What is more surprising, with the benefit of several years of therapy and lots of hindsight, is how long it took me to realise all of this, and how many wrong turns I took before I got to where I am now.
I took the standard route through life growing up—school, college, permanent pensionable civil service job, mortgage, marriage, kids—but it was so, so wrong for me. When I was younger, late teens into my early twenties, I managed by making sure I was always in a relationship. I had no real sense of who I was, what my core beliefs were, and my self-esteem was on the floor. If I had a boyfriend, though; it meant that someone liked me and, if someone liked me, it meant I was a worthwhile person. However, as soon as these relationships would end, there would be a massive void which, inevitably, was filled by another relationship. The cycle continued for a few years until I met Ronan, the man I would later marry.

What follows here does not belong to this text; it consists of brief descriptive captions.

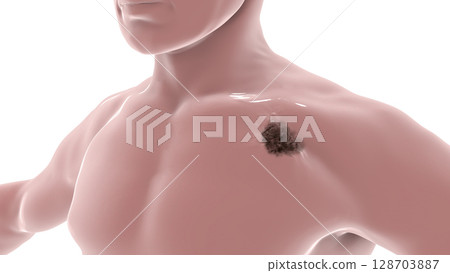 Melanoma on a male body Melanoma on a male body 128703887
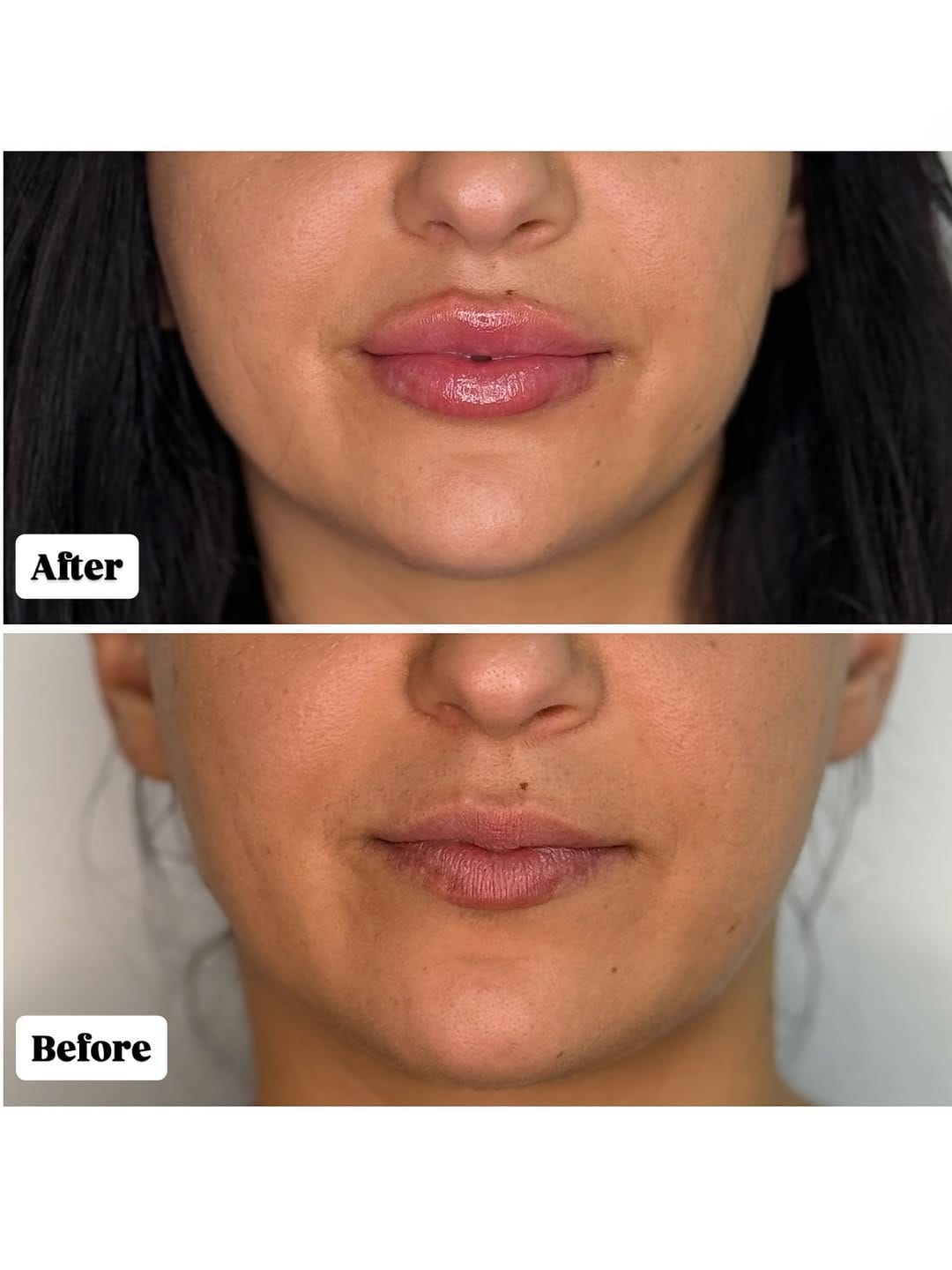 Post 3 by Dr. Beyan El Emin | Dermatology & Aesthetics on Instagram (image)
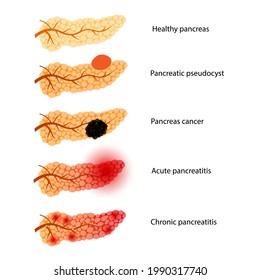 Pancreas disease concept. Acute and chronic pancreatitis, pancreatic cancer and pseudocyst. Pain and inflammation in digestive system. Human internal organs anatomical examination vector illustration.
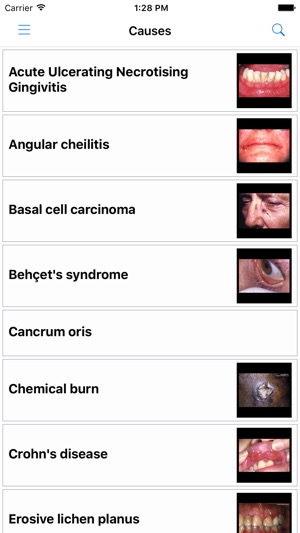 Key to the Diagnosis of Oral Ulceration(圖4)-速報App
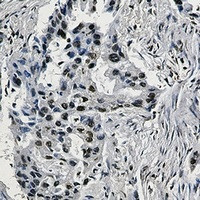 ARNT Antibody in Immunohistochemistry (Paraffin) (IHC (P))
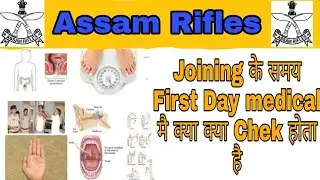 Assam Rifles Joining के First Day medical मै क्या क्या Chek किया जाता है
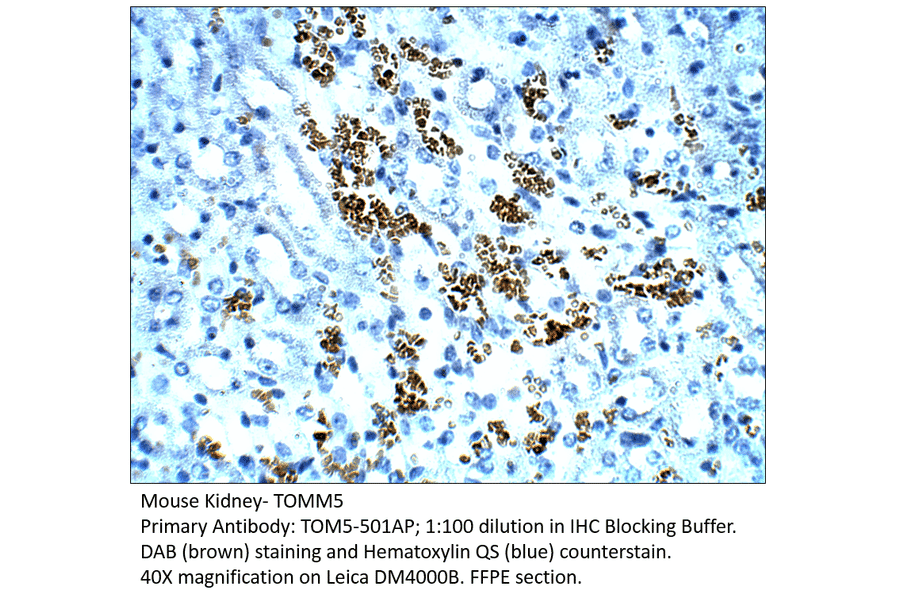 Anti-TOMM5 Antibody from FabGennix (TOM5-501AP) - Antibodies.com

The first couple of years we were together were just gorgeous. We were so in love, so happy. In 2004, we decided to move from Dublin to Galway for Ronan’s job, and so began the start of the slide into the world of emotional difficulties and psychiatric diagnoses. In 2005, we bought our house in a beautiful village in Connemara, 2006 we got married, early 2008, our son arrived, and he was followed in 2010 by our daughter. Perfect, right?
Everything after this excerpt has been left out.